While most would consider such a feat unbearable, UI junior Nora Murphy retells the event with a wry smile and nostalgic twinkle in her eye. After she had spent 15 years as an Irish dancer, electronic company LG — its Korea branch — commissioned dancers, including Murphy, for a flat-screen TV commercial filmed in Chicago and the opportunity to train with Lord of the Dance. That’s where the blistering heat came in.

Murphy has been in the trade since the ripe age of 3, and she has performed nationally and globally since she was 7.

It all started when the Chicago native’s uninterested brother refused to wear the traditional Irish dance kilt. Murphy begged her mother to sign her up for classes instead. She’s never looked back.
Her dreams came true the first time she first traveled to Ireland to compete.

“I’d always dreamed of dancing in Ireland,” she said. “I guess that was just a dream come true to be up on that stage; [it] was probably the highlight of my dancing career.”

Accompanying Murphy to Ireland, fellow dancer Mary Lynch said nothing deterred her friend from dancing.

“She was always very motivated,” Lynch said. “Even if she was struggling with a step or having a bad day, she’d fight through it and remain positive, no matter what.”

It might have to do with that something the dancer has.

“It was obvious, from the age of 5, that Nora was very passionate about Irish dancing,” said Kathleen O’Carroll, the director of Cross Keys School of Irish Dance and Murphy’s former teacher.

That something also came across in Murphy’s animated descriptions about the importance of dance in her life. The wavy-haired brunette’s passion was conveyed through her effortless concentration when improvising dance moves in her plaid sneakers. Her rubber-toed feet moved so fast they seemed to float over her kitchen’s floor.

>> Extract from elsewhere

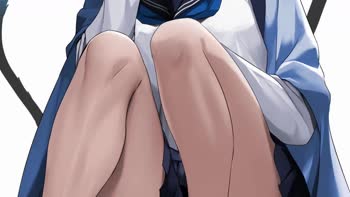 TammoJOI's Dominant Foot Tease: A Humiliating Delight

Murphy explained that Irish dancing often serves as an “icebreaker” because it is such a core element in her life.

“[Irish dancing] always seems to come up. Probably because I’m so in love with it,” she said. “Then everyone becomes interested, and they want to see, so I’ll end up dancing at parties where I don’t know anyone.”

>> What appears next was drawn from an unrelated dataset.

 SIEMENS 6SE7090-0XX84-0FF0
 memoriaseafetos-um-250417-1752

In addition to teaching the art form to children in Chicago, she’s managed to combine her love of theater and Irish dancing to pave a career path. Majoring in theater arts with a concentration in costume design, she has designed costumes for three productions at the university this year. That interest stemmed from helping design her first Irish dance costume, which usually run $2,500.

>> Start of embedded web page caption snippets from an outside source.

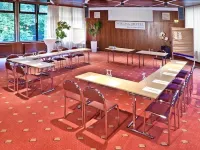 Wiking Hotel Hotels in Ellerau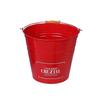 Creative Metal Ice Bucket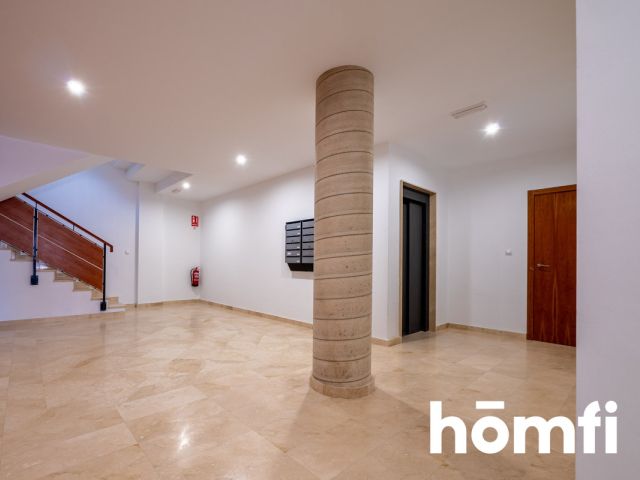 Costa Blanca | San Miguel de Salinas: great 2-bedroom apartmetn with pool - Apartment - Sale - Hiszpania, Costa Blanca - San Miguel de Salinas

Murphy’s genuine appreciation of the art form — minus some new additions — becomes apparent after spending just a short amount of time with her.

“I do think there’s an element of how you present yourself onstage … an element of … glamour,” Murphy said. “I’m not a fan of what it’s turning into — they’re even having spray tan booths at the competitions.”

Fake tanning and glitter aside, her love of the dance thrives.

“I love being able to hear the Irish tune and just belt it out,” she said. “I love everything about it.”